Weekends here are spent hiking. Period. This past week is the first that I've spent not out on the trails and I feel like I let the park down.  Since my arrival here a month ago I've climbed two mountains and hiked over fifty miles. I have seen big horn sheep wander right past us as we ate lunch on our climb up Mount Alton, watched as mountain goats scale rocky cliffs (and meander right past the our dorm as we hang out on the deck), sunbathed while a bear and three cubs cross below us on the road, and stopped as a moose chewed on some scrub brush right off the corner of the trail. I love that this is what I do on my days off. I can wake up homesick and hungover, ready to call my parents and head back to Minnesota, but then head outside to join my friends in a day long climb to the summit of a mountain where the vistas look like movie posters, and all I can do is swear that I will never leave here.

The nightlife here is... well, nothing like I've ever experienced before. We party all the time. Monday, Wednesdays, Thursdays, Sundays. Each day is someone's "weekend." About a week into my arrival here, our employee rec room, known as "the pub" opened.  Since then we've had dance parties, movie nights, themed parties, birthday parties, 'oh hey we got kicked off the porch so lets go to the pub and keep drinking' parties... the nightlife here is unstoppable. After coming down with a brutal cold last week, I've finally mustered up the ability to put myself to bed on nights that I need to. Other people here are still going strong, up late and drinking every night, but most of us have a hit our respective walls and have been forced to take care of our bodies more. Working an eight hour shift on two hours of sleep is not something I want to do again.

The rest of our spare time when we aren't working, hiking, or in the pub is spent hanging out on the porch. On days like today when the weather is disgusting I feel at a loss for what to do. From the porch we see everyone heading up or heading to their day at work. Conversation is easy to make here and no one is unwelcome.  My favorite days have been days where I thought I would go back to my room to write an email or watch a movie and instead I've spent four hours sitting in the sun on the porch just chilling with people.

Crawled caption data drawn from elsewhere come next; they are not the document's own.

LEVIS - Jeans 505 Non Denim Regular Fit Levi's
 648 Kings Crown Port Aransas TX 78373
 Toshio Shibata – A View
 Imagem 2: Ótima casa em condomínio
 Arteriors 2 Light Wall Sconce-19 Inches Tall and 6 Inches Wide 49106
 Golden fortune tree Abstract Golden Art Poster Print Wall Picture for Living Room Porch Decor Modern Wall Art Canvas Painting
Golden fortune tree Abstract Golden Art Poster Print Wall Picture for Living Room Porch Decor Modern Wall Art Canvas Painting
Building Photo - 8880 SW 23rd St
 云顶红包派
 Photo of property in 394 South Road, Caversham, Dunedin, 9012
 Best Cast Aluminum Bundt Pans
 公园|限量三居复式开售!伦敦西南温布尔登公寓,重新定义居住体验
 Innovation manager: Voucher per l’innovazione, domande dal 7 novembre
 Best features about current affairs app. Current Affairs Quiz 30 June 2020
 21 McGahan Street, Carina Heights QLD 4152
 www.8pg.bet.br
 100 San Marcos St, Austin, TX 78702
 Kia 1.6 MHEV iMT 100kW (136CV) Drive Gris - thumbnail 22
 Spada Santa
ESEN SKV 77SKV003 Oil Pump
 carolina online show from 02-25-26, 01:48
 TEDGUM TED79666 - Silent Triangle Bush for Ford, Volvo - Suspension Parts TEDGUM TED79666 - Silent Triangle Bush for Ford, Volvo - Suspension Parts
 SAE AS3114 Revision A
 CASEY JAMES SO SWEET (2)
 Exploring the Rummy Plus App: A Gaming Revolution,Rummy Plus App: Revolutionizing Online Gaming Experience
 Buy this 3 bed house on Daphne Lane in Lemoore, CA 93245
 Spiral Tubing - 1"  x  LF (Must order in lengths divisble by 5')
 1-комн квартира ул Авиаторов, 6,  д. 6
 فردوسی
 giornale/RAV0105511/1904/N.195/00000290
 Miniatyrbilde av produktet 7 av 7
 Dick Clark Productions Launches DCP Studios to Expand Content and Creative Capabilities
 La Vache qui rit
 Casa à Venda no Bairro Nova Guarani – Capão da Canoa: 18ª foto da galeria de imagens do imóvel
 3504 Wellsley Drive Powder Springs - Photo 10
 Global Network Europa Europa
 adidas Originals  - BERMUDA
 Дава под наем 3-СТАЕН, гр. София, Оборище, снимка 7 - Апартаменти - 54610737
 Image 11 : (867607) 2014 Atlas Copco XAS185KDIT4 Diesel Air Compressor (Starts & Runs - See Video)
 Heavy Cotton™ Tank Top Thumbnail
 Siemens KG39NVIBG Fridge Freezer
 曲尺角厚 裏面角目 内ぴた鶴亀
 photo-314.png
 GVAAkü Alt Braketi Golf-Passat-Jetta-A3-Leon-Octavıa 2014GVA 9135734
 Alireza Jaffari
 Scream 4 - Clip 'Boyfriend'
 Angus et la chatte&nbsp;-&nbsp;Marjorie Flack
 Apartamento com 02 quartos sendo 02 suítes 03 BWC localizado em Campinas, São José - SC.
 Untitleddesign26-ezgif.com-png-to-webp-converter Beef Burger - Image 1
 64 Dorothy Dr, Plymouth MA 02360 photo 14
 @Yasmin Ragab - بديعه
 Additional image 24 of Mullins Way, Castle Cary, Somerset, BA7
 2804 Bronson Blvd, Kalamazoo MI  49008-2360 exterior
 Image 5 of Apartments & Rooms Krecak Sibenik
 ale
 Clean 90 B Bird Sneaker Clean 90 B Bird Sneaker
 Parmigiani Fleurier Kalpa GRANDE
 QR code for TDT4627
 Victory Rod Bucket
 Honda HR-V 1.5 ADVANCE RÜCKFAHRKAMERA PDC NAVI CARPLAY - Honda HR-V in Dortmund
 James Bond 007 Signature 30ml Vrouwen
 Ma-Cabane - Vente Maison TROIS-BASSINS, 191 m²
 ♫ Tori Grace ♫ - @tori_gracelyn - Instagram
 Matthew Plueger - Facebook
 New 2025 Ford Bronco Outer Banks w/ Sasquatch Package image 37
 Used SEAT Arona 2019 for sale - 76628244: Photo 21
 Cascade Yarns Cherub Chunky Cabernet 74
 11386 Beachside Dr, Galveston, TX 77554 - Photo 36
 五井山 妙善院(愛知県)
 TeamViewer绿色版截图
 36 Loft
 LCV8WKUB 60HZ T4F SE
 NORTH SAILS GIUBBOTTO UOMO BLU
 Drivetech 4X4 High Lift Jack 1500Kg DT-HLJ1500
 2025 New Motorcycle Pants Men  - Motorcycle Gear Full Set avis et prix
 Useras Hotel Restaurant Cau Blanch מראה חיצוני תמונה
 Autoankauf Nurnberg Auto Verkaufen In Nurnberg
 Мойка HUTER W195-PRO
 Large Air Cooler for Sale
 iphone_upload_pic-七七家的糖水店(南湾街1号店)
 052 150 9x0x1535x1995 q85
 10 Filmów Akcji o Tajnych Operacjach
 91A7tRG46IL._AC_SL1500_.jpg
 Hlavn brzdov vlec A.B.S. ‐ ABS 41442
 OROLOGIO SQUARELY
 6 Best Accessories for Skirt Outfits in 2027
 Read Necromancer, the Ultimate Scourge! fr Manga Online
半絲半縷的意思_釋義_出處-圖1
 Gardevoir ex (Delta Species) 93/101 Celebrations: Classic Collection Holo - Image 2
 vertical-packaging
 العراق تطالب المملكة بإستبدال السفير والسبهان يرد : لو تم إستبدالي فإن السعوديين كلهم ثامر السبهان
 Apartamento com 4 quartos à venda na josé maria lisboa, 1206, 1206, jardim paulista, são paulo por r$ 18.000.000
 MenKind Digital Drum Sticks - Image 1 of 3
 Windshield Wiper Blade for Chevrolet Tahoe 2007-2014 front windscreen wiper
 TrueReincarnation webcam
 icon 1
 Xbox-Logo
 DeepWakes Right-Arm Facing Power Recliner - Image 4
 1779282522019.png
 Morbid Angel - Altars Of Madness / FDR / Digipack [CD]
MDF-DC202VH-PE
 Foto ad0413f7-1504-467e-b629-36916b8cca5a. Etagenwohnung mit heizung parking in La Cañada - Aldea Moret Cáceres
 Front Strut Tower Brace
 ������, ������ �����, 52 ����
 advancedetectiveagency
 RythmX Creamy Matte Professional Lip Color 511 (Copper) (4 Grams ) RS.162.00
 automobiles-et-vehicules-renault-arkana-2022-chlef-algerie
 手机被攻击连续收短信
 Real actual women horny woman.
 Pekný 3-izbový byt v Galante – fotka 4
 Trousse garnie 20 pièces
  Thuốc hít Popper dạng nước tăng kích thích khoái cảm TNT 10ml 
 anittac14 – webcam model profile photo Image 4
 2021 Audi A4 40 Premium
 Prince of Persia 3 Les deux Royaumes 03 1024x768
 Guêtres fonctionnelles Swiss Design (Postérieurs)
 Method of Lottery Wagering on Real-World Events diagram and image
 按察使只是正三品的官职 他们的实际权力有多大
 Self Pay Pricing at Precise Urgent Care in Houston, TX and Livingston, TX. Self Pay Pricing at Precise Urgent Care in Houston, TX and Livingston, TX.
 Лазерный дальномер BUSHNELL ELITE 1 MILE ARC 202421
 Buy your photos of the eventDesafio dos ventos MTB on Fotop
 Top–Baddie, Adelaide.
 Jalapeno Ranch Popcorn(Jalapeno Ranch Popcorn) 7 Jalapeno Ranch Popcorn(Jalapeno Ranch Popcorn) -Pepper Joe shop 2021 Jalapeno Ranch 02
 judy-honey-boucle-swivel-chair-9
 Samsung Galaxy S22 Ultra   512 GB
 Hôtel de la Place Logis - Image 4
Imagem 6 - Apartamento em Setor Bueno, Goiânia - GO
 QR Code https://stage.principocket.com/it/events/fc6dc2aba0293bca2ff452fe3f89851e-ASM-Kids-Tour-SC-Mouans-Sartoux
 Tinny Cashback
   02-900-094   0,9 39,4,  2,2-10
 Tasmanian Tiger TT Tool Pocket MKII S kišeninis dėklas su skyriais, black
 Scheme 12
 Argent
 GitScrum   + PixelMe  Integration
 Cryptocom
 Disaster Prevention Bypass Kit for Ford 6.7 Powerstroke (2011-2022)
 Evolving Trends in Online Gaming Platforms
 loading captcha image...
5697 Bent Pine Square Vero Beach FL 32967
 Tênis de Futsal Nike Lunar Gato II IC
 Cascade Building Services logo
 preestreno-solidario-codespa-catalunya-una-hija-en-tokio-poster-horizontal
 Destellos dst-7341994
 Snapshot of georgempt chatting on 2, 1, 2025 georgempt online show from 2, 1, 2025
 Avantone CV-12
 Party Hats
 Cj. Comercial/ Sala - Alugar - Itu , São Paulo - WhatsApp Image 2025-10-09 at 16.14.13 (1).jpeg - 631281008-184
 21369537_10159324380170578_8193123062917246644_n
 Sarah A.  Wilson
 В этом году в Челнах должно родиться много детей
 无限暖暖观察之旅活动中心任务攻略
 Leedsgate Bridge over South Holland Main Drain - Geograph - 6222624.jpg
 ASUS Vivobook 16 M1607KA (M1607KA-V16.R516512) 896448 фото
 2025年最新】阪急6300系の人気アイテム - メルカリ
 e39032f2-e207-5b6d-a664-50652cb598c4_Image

The people here are incredible. I say this because I have never met anyone like them. Its hard to describe the type of personality that is drawn to seasonal work but it is a personality. The first few days I worried that I wouldn't fit but then slowly realized that fitting in isn't really what happens. We are all we have here. Guests don't understand the way we experience the park or the work that we do. We have no phone service and internet is limited.  Very few of us would be friends outside of Many Glacier, but we are friends because of Many Glacier.

Being here has made me rethink my future plans. Before heading out here, I was dead set on grad school.  And I still am.  Except that, if I don't get into the schools I'm looking at applying to in the coming year, I know what I'm going to do. I'm going to the Florida Keys for the winter and beginning my next few years as a seasonal worker. These are jobs for a rambling soul, for people not ready to grow up, for people who are connected to many places at once.

That's all I can explain for now. I'll try to keep writing. Here I've had the best and the worst of days, highs and lows and inbetweens. What I know for sure is that after this, I won't be the same.